Il y a vingt-cinq ans naissait Poison, la tubéreuse narcotique d'Edouard Fléchier, Poison l'emblématique, au sillage mi-envoûtant, mi-délétère et au succès fulgurant; Poison la Circé langoureuse, alanguie, aux paupières lourdes.

Moins d'une décennie plus tard, le même père composait un deuxième mouvement au nom d'antithèse, mais le vert Tendre Poison ne fut pas l'intrigant antidote qu'on aurait pu espérer.

La capiteuse matriarche méritait pourtant une digne héritière.
En 1998, Annick Ménardo relèvera spectaculairement le gant, en proposant ce qui sera le second temps fort de la saga: Hypnotic Poison.

Le troisième Poison entre peut-être en scène masqué de notes gourmandes, mais qu'on ne s'y laisse point prendre: c'est pour mieux attirer sa proie. Et à mesure que ces atours d'amande-massepain anisée de carvi s'envolent apparaît un cœur réellement... vénéneux. Une fois le masque tombé, Hypnotic Poison déploie, en parfaite adéquation avec son nom, une senteur qui séduit, qui captive, qui envoûte, mais éveille dans le cerveau reptilien la conscience du danger: comme le cyanure dont elle a emprunté l'odeur, cette amande-là est toxique. Oubliée la Circé alanguie, l'héritière est Médée, et elle ne fait pas de quartier.

Autant l'ancêtre rappelait olfactivement la couleur prune de son flacon, autant la déclinaison rouge de la pomme libère une odeur profondément blanche, monochrome et sourde.
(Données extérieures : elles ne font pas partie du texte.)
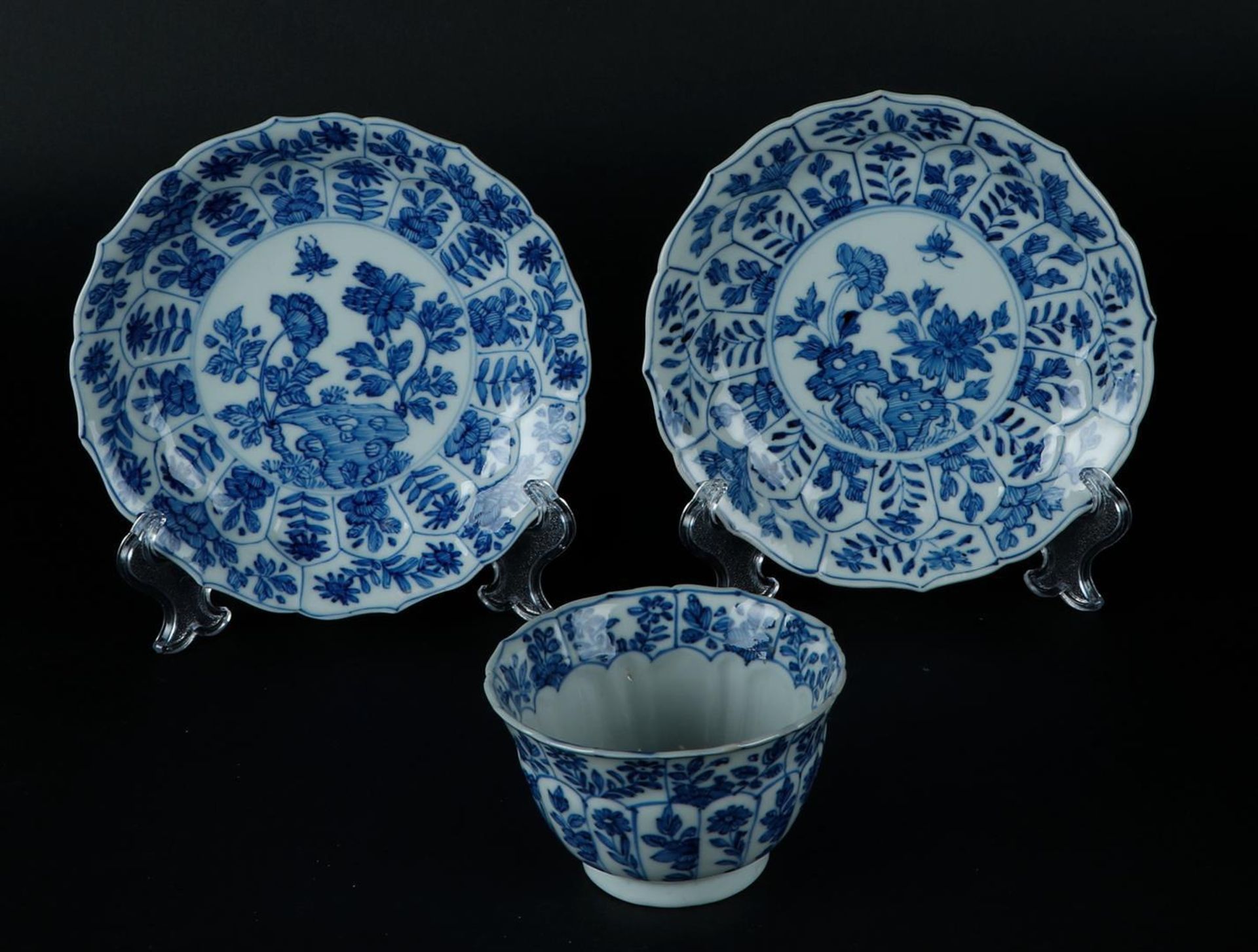 Two porcelain plates and bowl with lotus leaf shaped outer beds in relief with floral decor, center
En cœur, les notes fusionnent dans un extraordinaire sillage dense, voire compact, affirmé et enveloppant, à la fois sucré et amer; à peine l'amande et le jasmin sambac (variété utilisée pour aromatiser le thé au jasmin) s'y font-ils plus particulièrement reconnaissables. La mousse de chêne, amère et sombre, se fait plus marquée en fond.

La potion a une personnalité unique, immédiatement identifiable, qui donne envie de crier au chef d'œuvre. Ceux qui n'y succombent pas fuiront, le cœur soulevé. Mais les victimes consentantes ont dû être suffisamment nombreuses, puisqu'Hypnotic Poison figure durablement au rang des meilleures ventes. Dior, conscient de son potentiel, n'a d'ailleurs pas hésité à le "relancer" récemment, nouvelles déclinaisons et campagnes publicitaires à l'appui.
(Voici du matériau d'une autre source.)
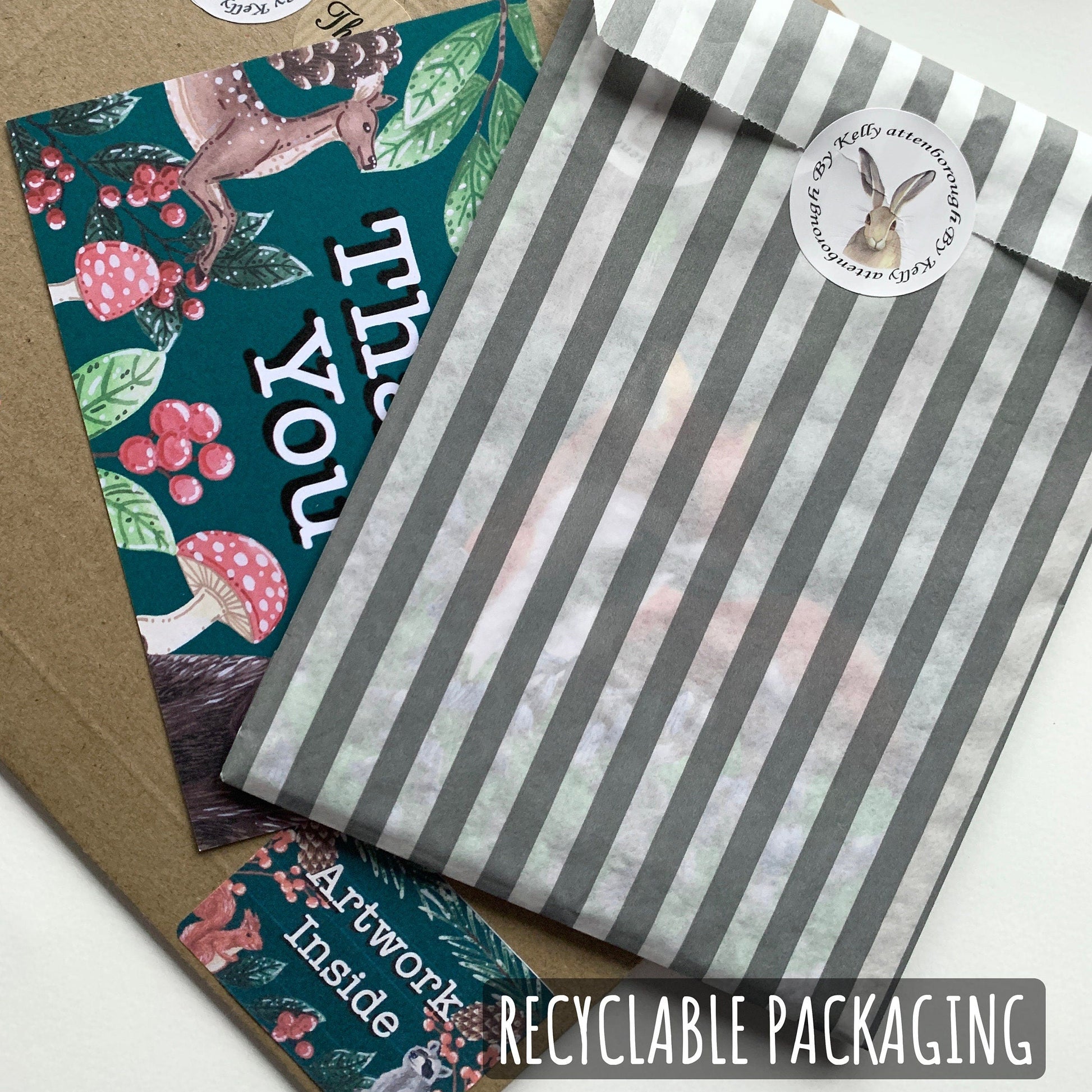 Recyclable packaging with a green card featuring mushrooms and text, a striped envelope, and a brown envelope.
A son propos, on a pu parler de "doudou", on a évoqué le défunt (et postérieur) Castelbajac éponyme.
Peut-être. Mais si doudou il y a, celui-ci a été revu et corrigé par Tim Burton.

Notes de tête: amande amère, carvi
Notes de cœur: jasmin sambac, bois de jacaranda, tubéreuse
Notes de fond: santal, ambre, vanille



NB: je porte Hypnotic Poison depuis sa sortie, et il a très clairement été reformulé, assez récemment je crois. L'ensemble a perdu son moelleux pour prendre un éclat vaguement métallique, plus amer. Le milieu du cœur et le fond ont été gâtés par une agaçante note mousse à l'effet nettement synthétique, et le sillage s'est atrophié. Au final, le parfum n'a pas été réellement défiguré, mais il est bien moins beau que ce qu'il a été, et je m'abstiendrai personnellement de le racheter sous cette forme.
Si vous la trouvez, préférez donc l'ancienne version, pré-reformulation... mais dont je ne pourrais malheureusement pas préciser la date exacte.
S'il est mat et caoutchouteux au toucher, avec un goulot rouge (plutôt que doré dans la version actuelle), c'est en tout cas une bonne indication que le flacon est plus ancien.
La dernière version est vendue dans une boîte rouge uniforme (à droite); dans les versions précédentes, l'ovale entourant le nom du parfum se démarquait en bordeaux sombre (à gauche).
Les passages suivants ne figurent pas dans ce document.